Iraq: Divisive Forces

There are contradictions in American dealings with Iraq and surrounding countries. Without regional cooperation the place may never be stable, but Washington is focused on shutting out the foreigners and making Iraq a trailblazer for democracy. Perhaps the US doesn’t realise that the neighbours are part of the fabric in Iraq and there is no way to isolate it from the wider region.

The World Today Updated 16 October 2020 Published 1 July 2004 5 minute READ

Rosemary Hollis

Former Director, Olive Tree Israeli-Palestinian Scholarship Programme, City, University of London

Just how transformative the Iraq war could turn out to be for the wider region was impressed on me and my colleagues on a recent visit to Syria and Lebanon.

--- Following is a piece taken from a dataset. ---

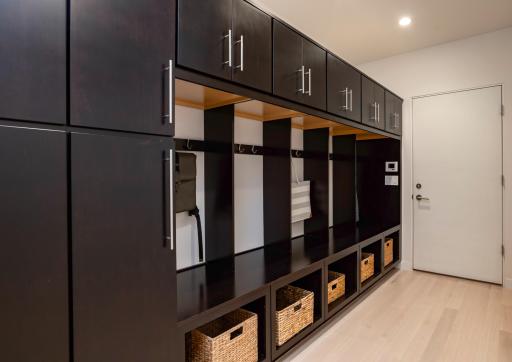 The huge mudroom has plenty of room for everyones gear.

Given their own multi-sectarian political system, the Lebanese believe they know a thing or two about how to manage diversity within a pluralistic political system, but no one seems interested in the lessons to be learned from the experience of Lebanon. Perhaps this is because Lebanon did descend into civil war, or because it was rescued in part by Syrian intervention, an influence that has now become pervasive.

The Syrians we talked to were mostly of the Arab nationalist school of thought who regard the United States intervention in Iraq as an affront to their pride as well as that of Iraqis. Their worldview is informed by Syria’s championship of the Arab cause, be it against Israel or US influence in the region.